City officials say all costs have been paid after a local construction company allegedly removed a safety device on a city fire hydrant and used it to fill a golf course pond.
The hydrant was allegedly opened at the Jayhawk Club in the evening hours of March 21. Lawrence police arrived at 8:30 p.m. and found a city-owned hydrant attachment being used to dispense water. The attachment was collected, but not before about 900,000 gallons of city water had flowed into the pond.
The event resulted in a municipal court case in which Casey Lee Stewart was charged with removing a safety device from the hydrant attachment that prevents water contamination. Stewart, who entered a diversion agreement Aug. 23, paid the city about $950 in fines and restitution, according to the agreement.
It would take an average household using 4,000 gallons of water per month about 20 years to use 900,000 gallons of water.
Stewart is an employee of DFC, which is redeveloping the former Alvamar golf course. DFC is owned by Thomas Fritzel, who is a relative of Stewart’s.
The city has various rates for water use, and irrigation rates are $6.10 per 1,000 gallons while hydrant rates are $4.72. Using hydrant water rates, as opposed to irrigation rates, cost the construction company, DFC, about $1,230 less for the water.
The Jayhawk Club did not have an irrigation meter at the time of the incident, according to Jeanette Klamm, management analyst for the utilities department.
DFC had rented the hydrant meter attachment from the city for other purposes, but filling a pond is not an approved use, according to the rental agreement. DFC paid hydrant water rates for 889,100 gallons of water, which amounted to around $5,150 for the water, taxes and fees, City Attorney Toni Wheeler previously told the Journal-World.
The component Stewart allegedly removed from the hydrant attachment was a backflow device. The device prevents water from flowing backward, in this case from the pond, and contaminating the city water supply.
“The backflow preventer is critical in preventing contamination from entering the distribution system and causing potential illness to water customers,” Klamm said via email. “There is no acceptable reason to not use a back flow preventer.”
Because the backflow preventer was removed, the city had to test for contaminants and repair the hydrant attachment. Wheeler previously said those tests came back negative.
Stewart paid about $600 in victim restitution to the utilities department, according to the diversion agreement. The $600 covered on-site work by the utilities department, such as equipment costs, sampling, testing and reporting, according to City Prosecutor Elizabeth Hafoka.
Removal of a hydrant attachment’s backflow preventer is a violation of city code, punishable by a fine of up to $500 and/or imprisonment of up to 90 days. As part of his diversion, Stewart was fined $350 for the violation, according to Hafoka. In addition to the approximately $950 in fees and restitution, Stewart was charged about $60 in court costs, according to the diversion agreement.
Hafoka said the court costs, diversion fee and victim restitution, which total about $1,000, have been paid. In addition to that amount, the city was paid about $500 for the inspection and repair of the hydrant’s backflow preventer, according to Hafoka.
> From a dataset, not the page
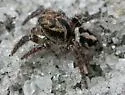 Habronattus trimaculatus - photo 2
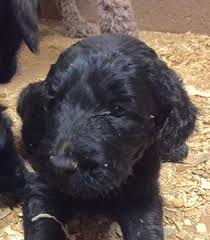 Customers describe sunshine acres as responsible, ethical, friendly and helpful, informative, and professional. Pin On Puppies For Sale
The diversion agreement states Stewart cannot violate any ordinance, statute or resolution during the one-year diversion term. If Stewart does not follow the terms of the diversion, the city will initiate prosecution for removal of the backflow preventer.
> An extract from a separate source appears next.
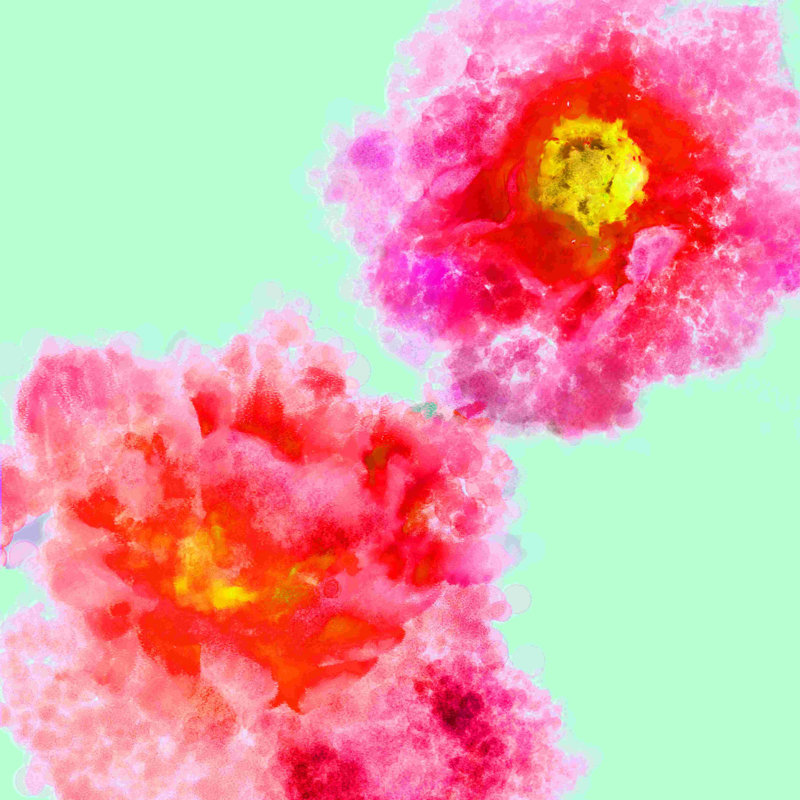 Aquarelle de fleurs 4 - peinture sur toile tendue, H 30 po x l 30 po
When asked about the outcome of the case, the city, via interim communications director Porter Arneill, stated via email that it believes “the issue is resolved.” Arneill did not comment further when asked whether the city feels it has been fairly compensated for all expenses related to the hydrant use.
Stewart’s attorney, Terrence Campbell, originally requested a trial in the case, though the trial was continued and the diversion agreement was approved instead. Calls to Campbell from the Journal-World have not been returned.